(Image-caption web data)

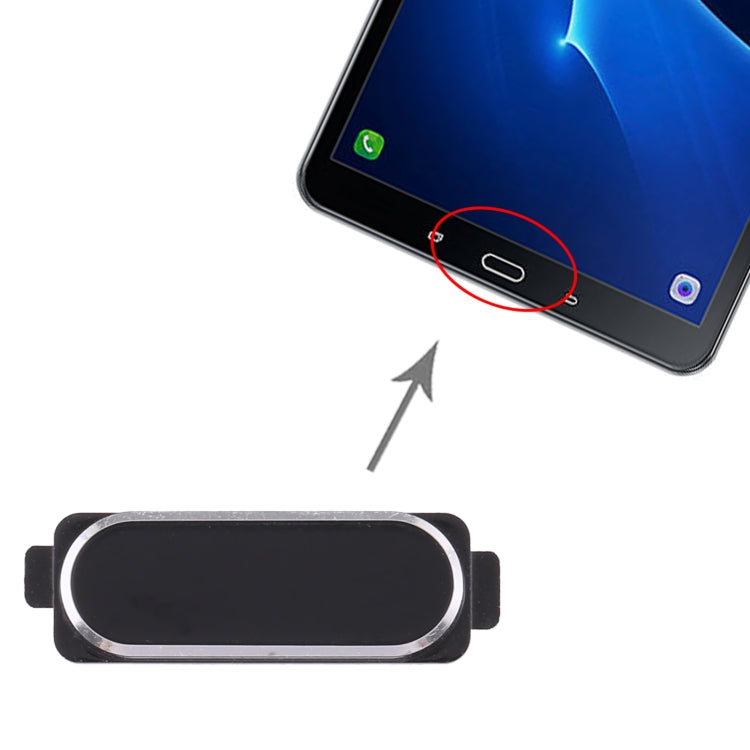 Home Key for Samsung Galaxy Tab A 10.1(2016) SM-T580/T585/P580/P585(Black) - free shipping - PMc TechLife - Order now!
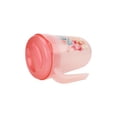 thumbnail image 5 of Mainstays Floral Polypropylene Pitcher Pink 3.69L, 5 of 5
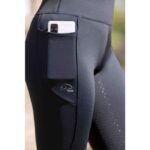HKM Riding leggings -Alice- silicone full seat - Image 4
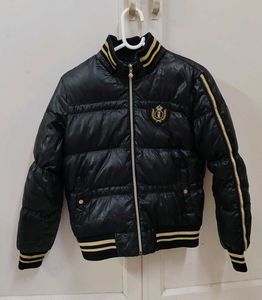 Stylish Black Puffer Jacket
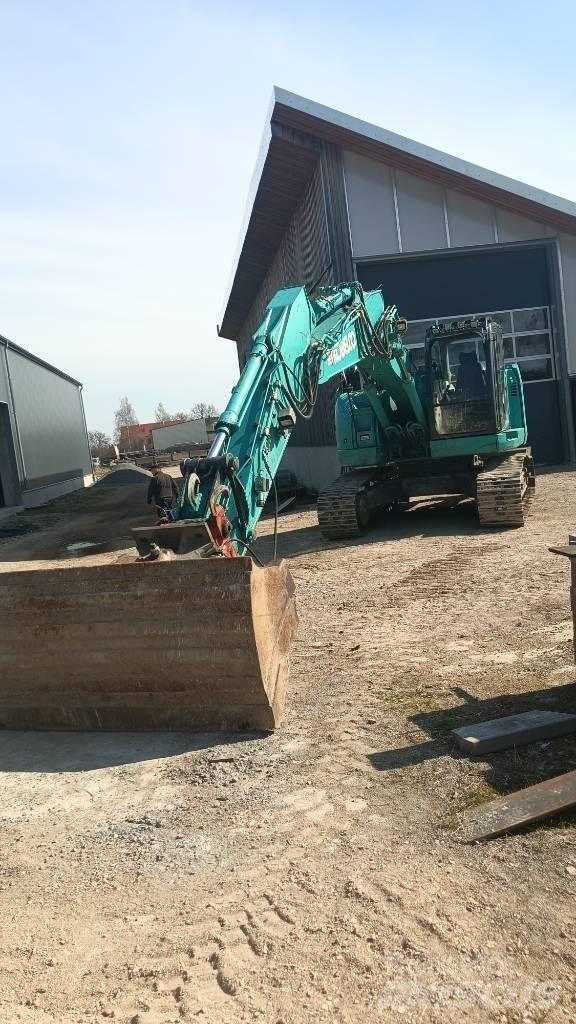 Kobelco SK230SRLC-5 Верижен екскаватор
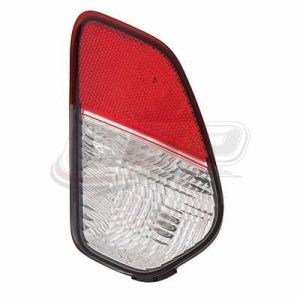 Trunk Lamp Passenger Side Mitsubishi Outlander 2016-2020 Mounted On Bumper Capa, Mi2883103C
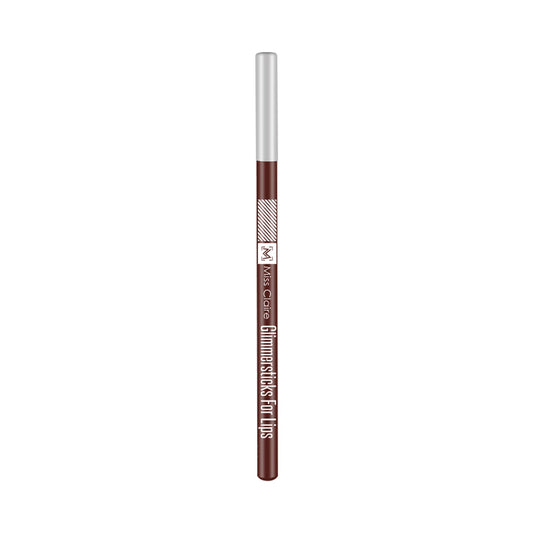 Miss Claire Glimmersticks For Lips - Deep Maroon L-16 | Swadesiicart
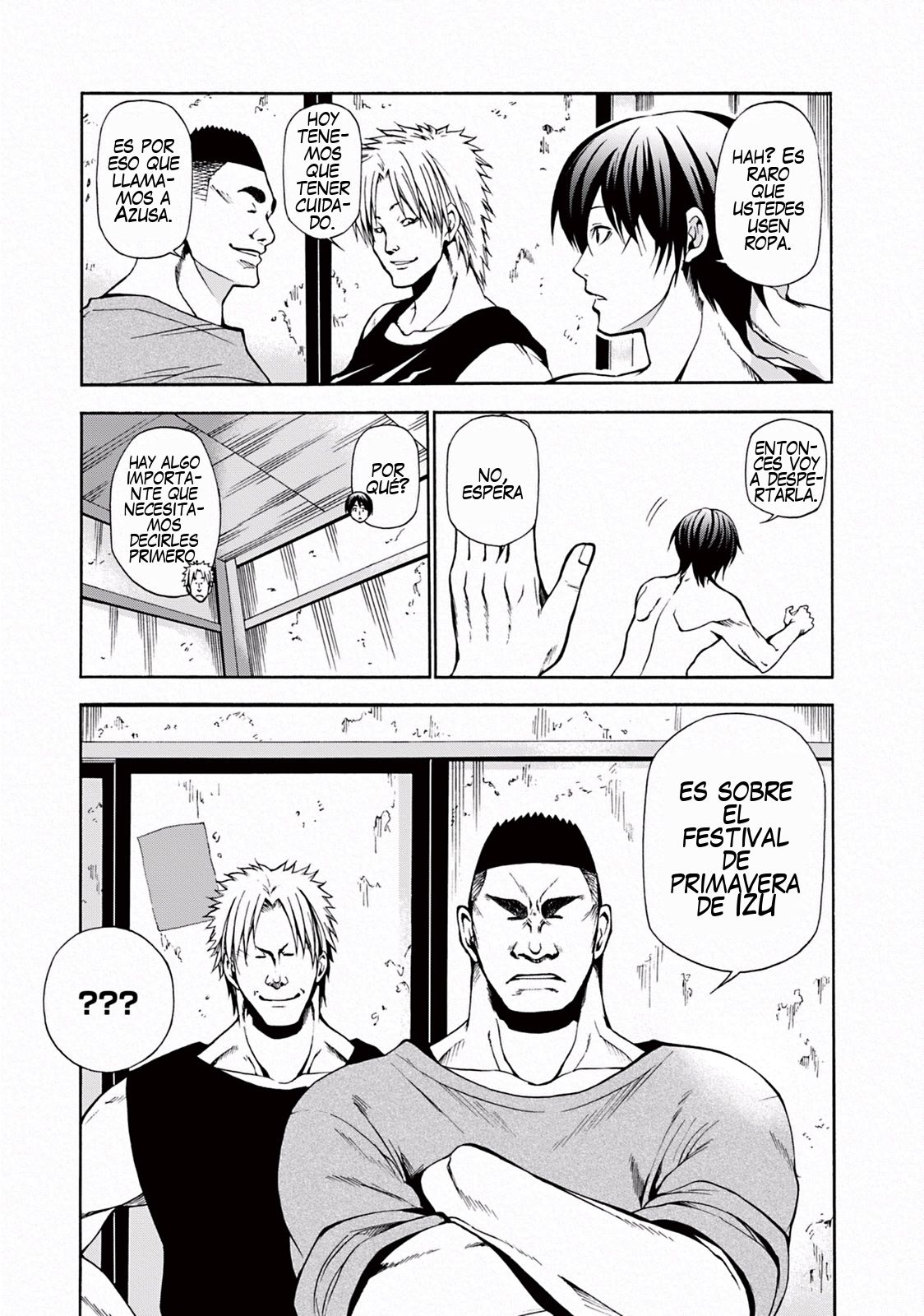 Grand Blue capítulo 6 página 6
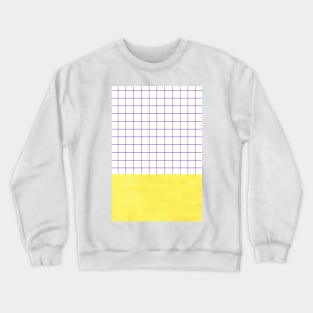 Notebook Crewneck Sweatshirt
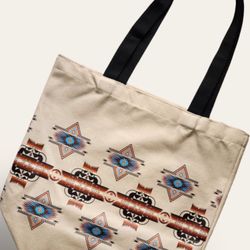 Boho Tote Bag 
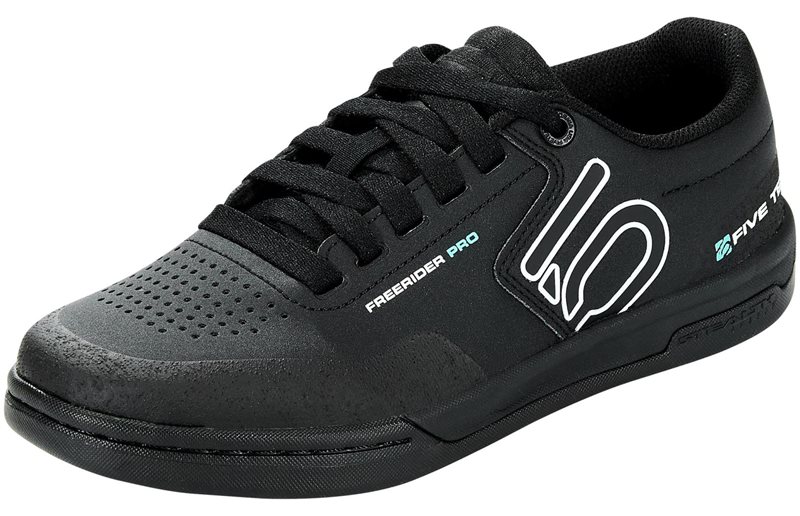 Adidas Five Ten Naisten pyöräilykengät Freerider Pro Mountain Bike Shoes Women Core Black/Crystal White/Acid Mint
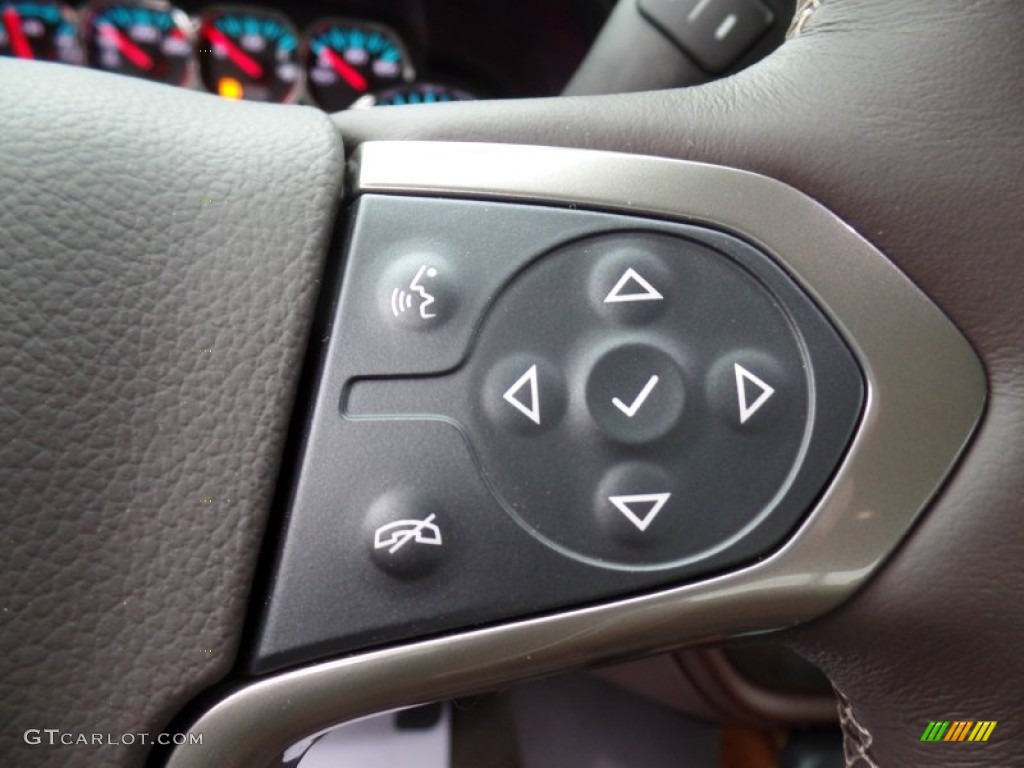 2015 Chevrolet Silverado 2500HD High Country Crew Cab 4x4 Controls Photo #100001253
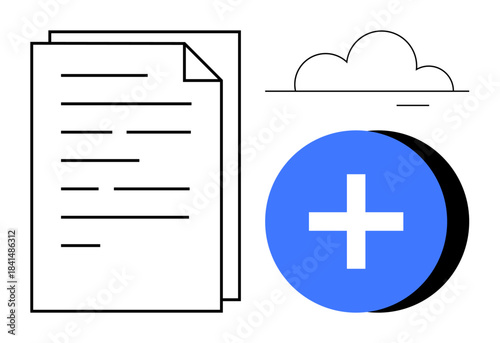 Cloud document management. Simplifying document storage using cloud technology for organization and secure access. Cloud solutions and files for collaboration, backup, and sharing ideas. Usage
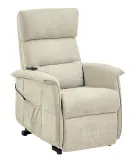Vignette - Fauteuil releveur 1 moteur New Bergen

(What needs to be done) Starting with the line that contains "Miss Claire Glimmersticks", repeat each line exactly through the last line of the data above, and nothing more; the pictures stay out.

(Solution to the exercise)
 Miss Claire Glimmersticks For Lips - Deep Maroon L-16 | Swadesiicart
 Grand Blue capítulo 6 página 6
 Notebook Crewneck Sweatshirt
 Boho Tote Bag 
 Adidas Five Ten Naisten pyöräilykengät Freerider Pro Mountain Bike Shoes Women Core Black/Crystal White/Acid Mint
 2015 Chevrolet Silverado 2500HD High Country Crew Cab 4x4 Controls Photo #100001253
 Cloud document management. Simplifying document storage using cloud technology for organization and secure access. Cloud solutions and files for collaboration, backup, and sharing ideas. Usage
Vignette - Fauteuil releveur 1 moteur New Bergen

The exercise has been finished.